But then, it’s easy to mellow out at The Library, newly secreted onto the Public Theater mezzanine. The accessible menu’s funkier than you’d expect inside an arts complex, even for a menu created by Locanda Verde/The Dutch god Andrew Carmellini.

Most times the music is just right. So why did we start out with the one time it wasn’t? Got your attention, right? Which isn’t easy describing a noshing zone that’s almost too normal, too civilized, for a neighborhood full of overreaching eardrum-breakers.

The Library, part of the Public Theater’s $40 million “revitalization,” is meant as a canteen for showgoers. But don’t let that stop you even if the last live theater you saw was the original “Cats.”

Don’t be put off either by the Public’s lobby, crawling with functionaries who repeatedly ask where you’re going. A back stairway leads to a flatteringly lit, David Rockwell-designed sanctuary of dark wood, pleated banquettes and shelves lined with works of Shakespeare, Voltaire, et al., like a “Great Books” collection sold on late-night TV.

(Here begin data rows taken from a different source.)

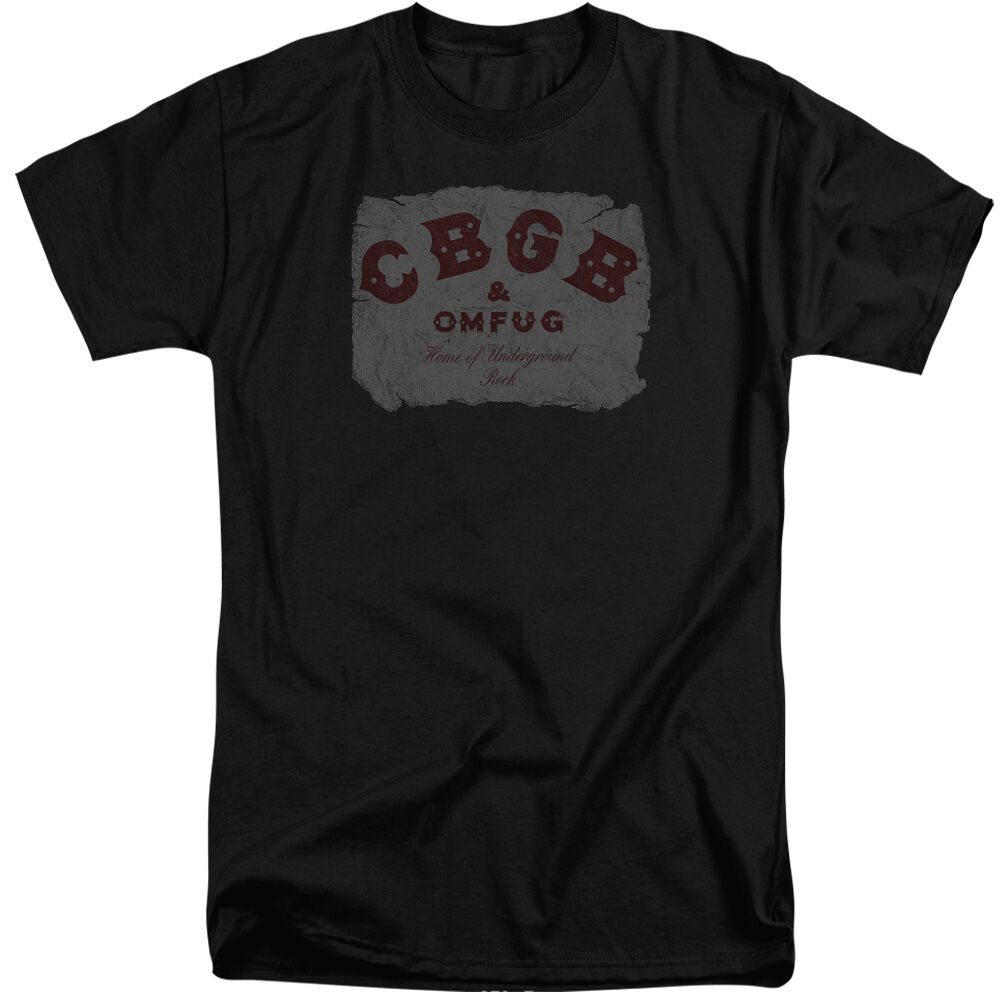 Cbgb t shirt best sale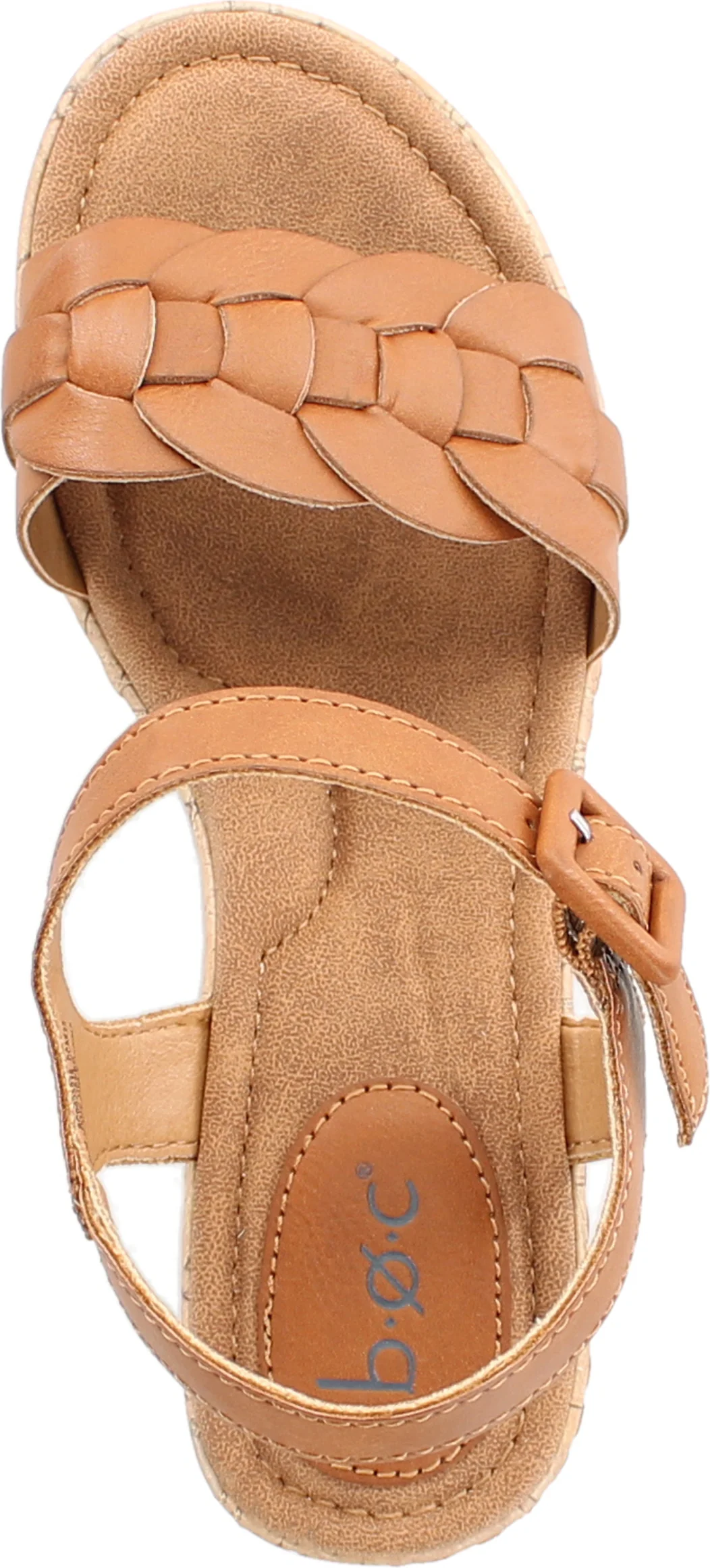 Sonny Leather Like Tan - Image 6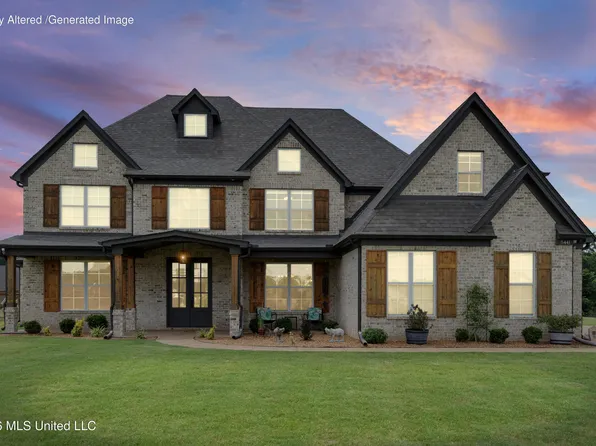 5441 Grays Valley Dr, Hernando, MS 38632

The mood is textured, with industrial motifs including pillars and girders like the underside of the el tracks. A three-sided bar is as cozy as they come, and a central communal table as current as any within 20 blocks.

The Library is the classy spawn of Joe’s Pub, the Public’s popular music venue. The menu, fussily divided into Acts I, II and III, is similar but larger. You can eat for peanuts from the first two (everything’s under $20), but the slightly pricier mains are usually worth it.

Six weeks ago, my friend and I agreed, “This isn’t Carmellini’s food.” He’s busy with Lafayette, the French brasserie he’s soon opening nearby. The Library’s chef of record is Michael Oliver. On my first visit, salty Parmiggiano-Reggiano “pizza” popcorn singed tongues like ant-killer. Beet salad tasted as full of sugar as dessert cobbler.

But things got better each time I returned. And while the short wine list is just barely there, the cocktails are grand. They know how to make old-fashioned classics like, well, an Old Fashioned, as well as inventions like the Oriental, a potent brew of Overholt rye, Combier orange, Dolin sweet vermouth and lime.

There’s a splendid burger, juicy and loaded with mouth feel thanks to a 50-50 chuck and brisket blend. But most of the lineup offers unexpected twists on comfort dishes, even if they’re Carmellini Lite.

There’s no chicken breast or grilled salmon, those old warhorses. I flipped over seafood gumbo with Andouille sausage — a $17 meal in itself, each element distinct in a heady broth. Sadly, it was yanked after Sandy made green crab disappear; come back soon!

At least some nights, pasta, freshly prepared and al dente, could pass muster at Locanda Verde. In a typical menu quirk, Carmellini pairs sausage and broccoli rabe with rigatoni instead of the usual orecchiette in one of his patented, vivid red tomato sauces.

There’s sting in the salsa suffusing tender ruby-red shrimp in floppy corn tacos. But it’s baffling to find pulled pork rolls without the peppery piquancy they need. It’s a shame because the meat’s supple and vinegary. It wants a sauce, a rub — if not spicy, how about at least sweet?

The happiest surprise was Catskills trout — a generous fillet with a Dover sole texture, crisp-skinned and boneless, atop fresh lentils and butternut squash.

Basic, fun desserts like chocolate-vanilla soft serve send you out smiling. Just be careful, after those cocktails, to watch yourself on the stairs.